##### Records
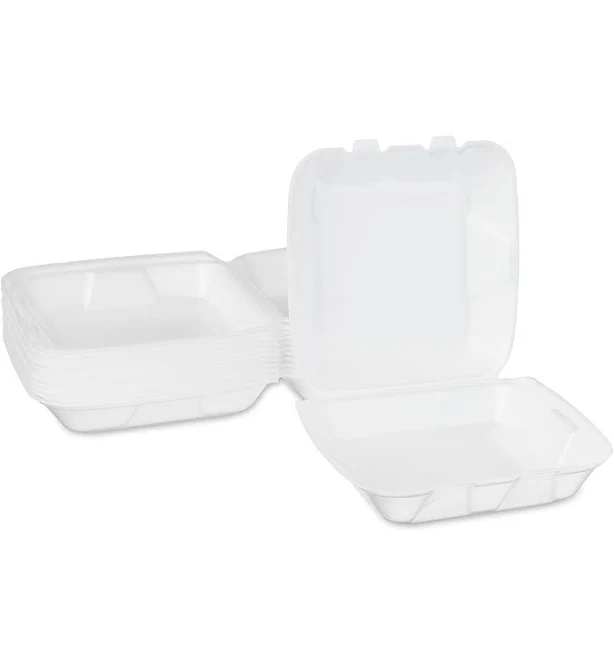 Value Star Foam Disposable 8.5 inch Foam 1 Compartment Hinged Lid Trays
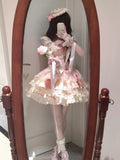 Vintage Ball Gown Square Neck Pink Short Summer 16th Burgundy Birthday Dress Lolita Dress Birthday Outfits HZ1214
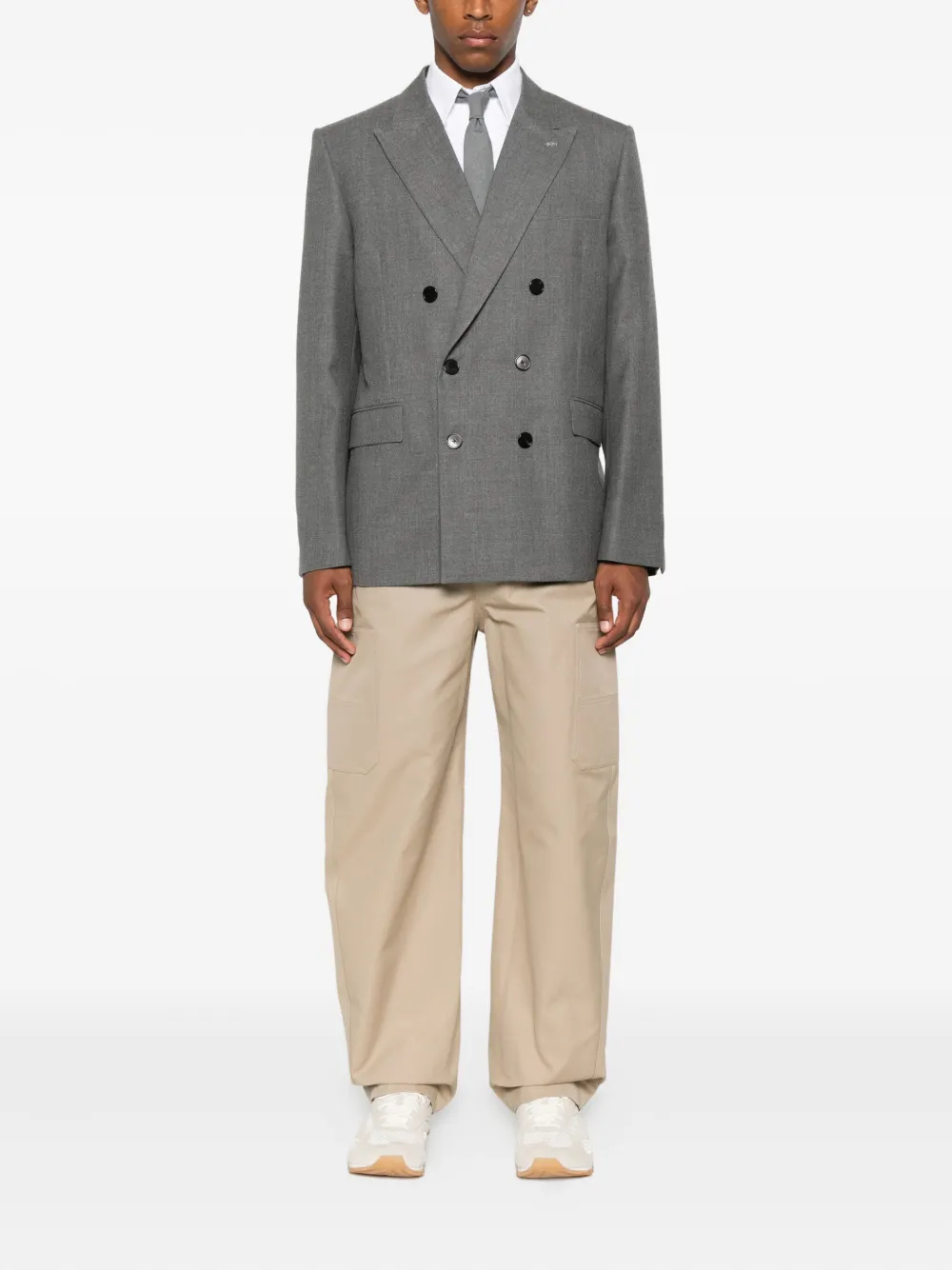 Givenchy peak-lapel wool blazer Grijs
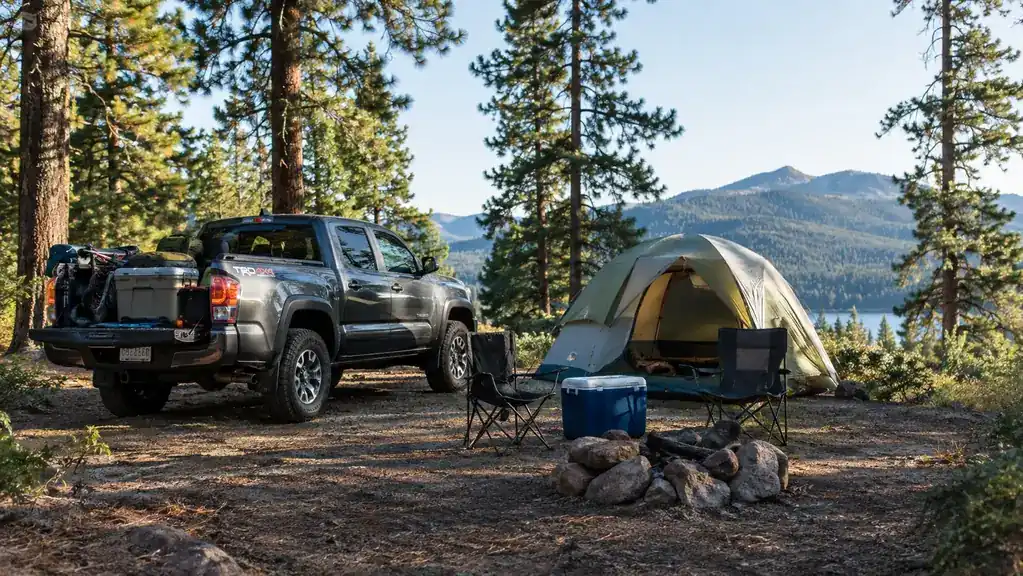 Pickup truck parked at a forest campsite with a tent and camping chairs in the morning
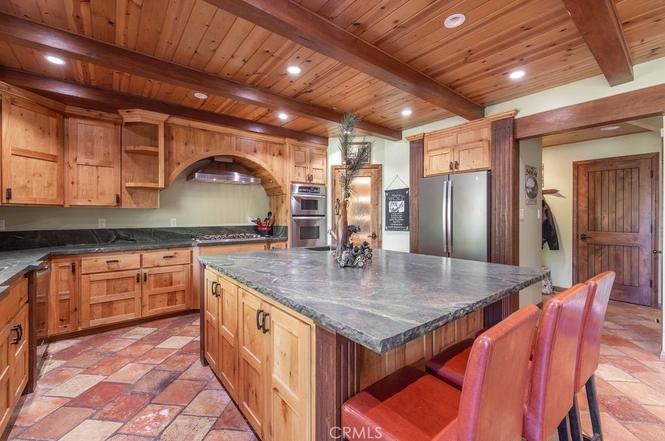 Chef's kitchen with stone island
##########
• **Work request**: We ask that the entries above be copied exactly, with the pictures omitted.

• **Answer section**:
 Value Star Foam Disposable 8.5 inch Foam 1 Compartment Hinged Lid Trays
 Vintage Ball Gown Square Neck Pink Short Summer 16th Burgundy Birthday Dress Lolita Dress Birthday Outfits HZ1214
 Givenchy peak-lapel wool blazer Grijs
 Pickup truck parked at a forest campsite with a tent and camping chairs in the morning
 Chef's kitchen with stone island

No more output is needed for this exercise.